Exercise details> Only an exact copy is wanted: the lines from the one holding "toddler wearing potty" through the last line below, minus the pictures.

─── The data ───

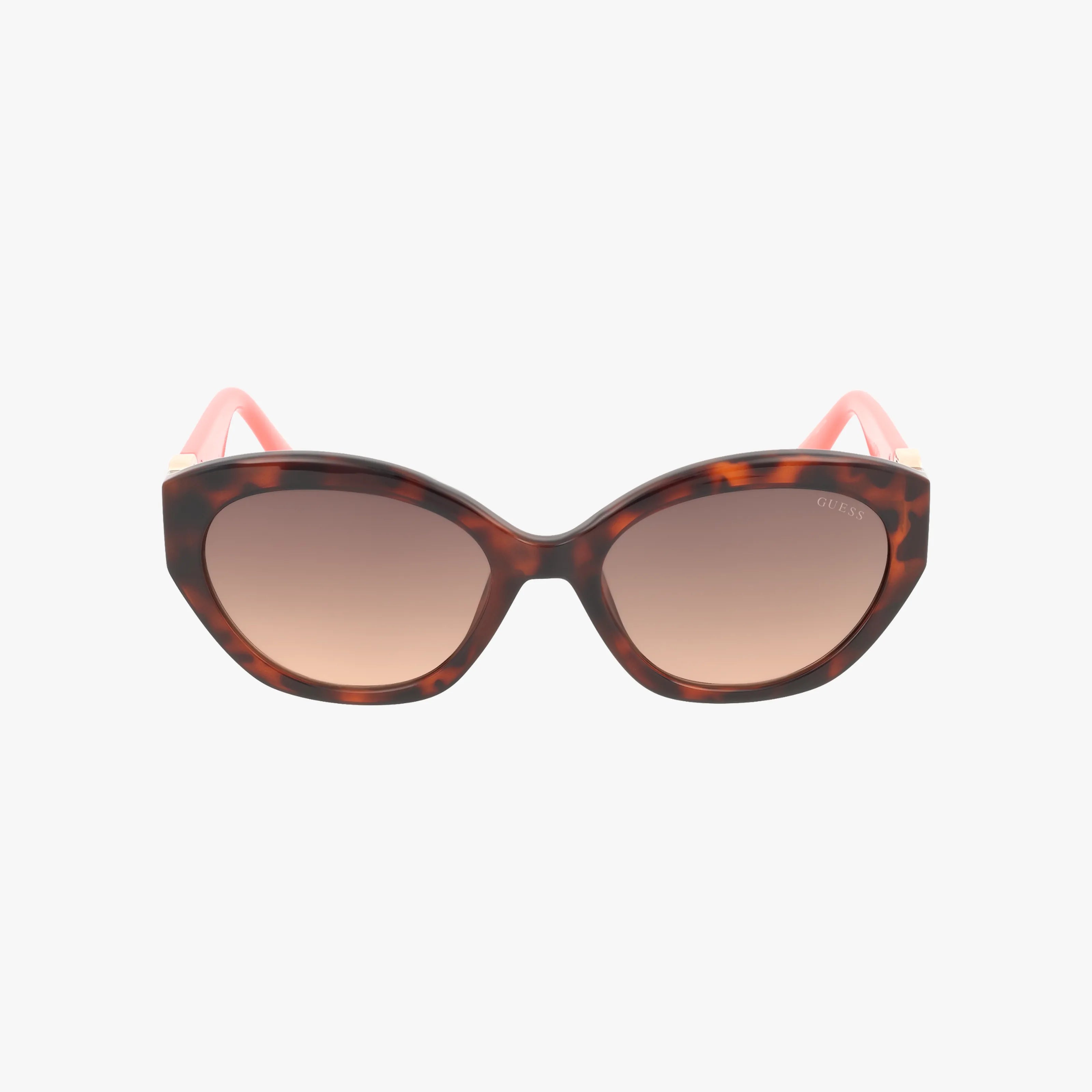 The GU00104/S sunglasses showcase large rounded tortoiseshell frames, brown gradient lenses, and pink arms with gold accents near the hinges—blending chic style and sun protection in one fashionable accessory.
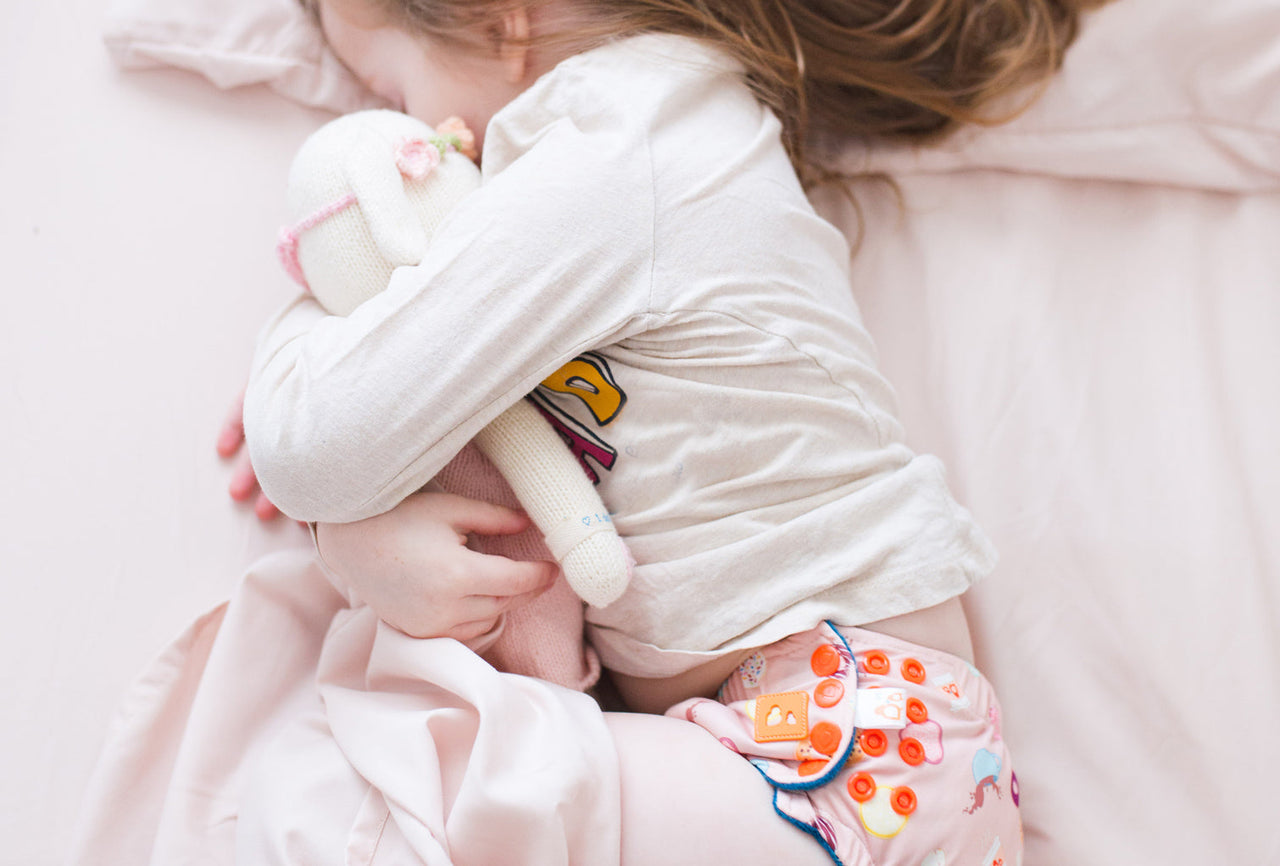 toddler wearing potty training pants and hugging stuffed animal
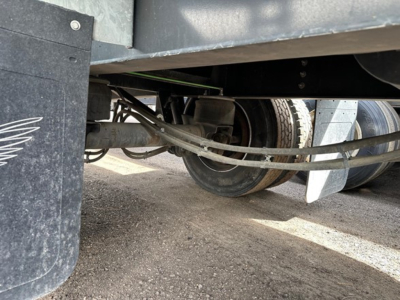 Trailer unde chassis view showing axle and suspension components under a 2019 Manac spread air steel flatbed.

───

Task output>
 toddler wearing potty training pants and hugging stuffed animal
 Trailer unde chassis view showing axle and suspension components under a 2019 Manac spread air steel flatbed.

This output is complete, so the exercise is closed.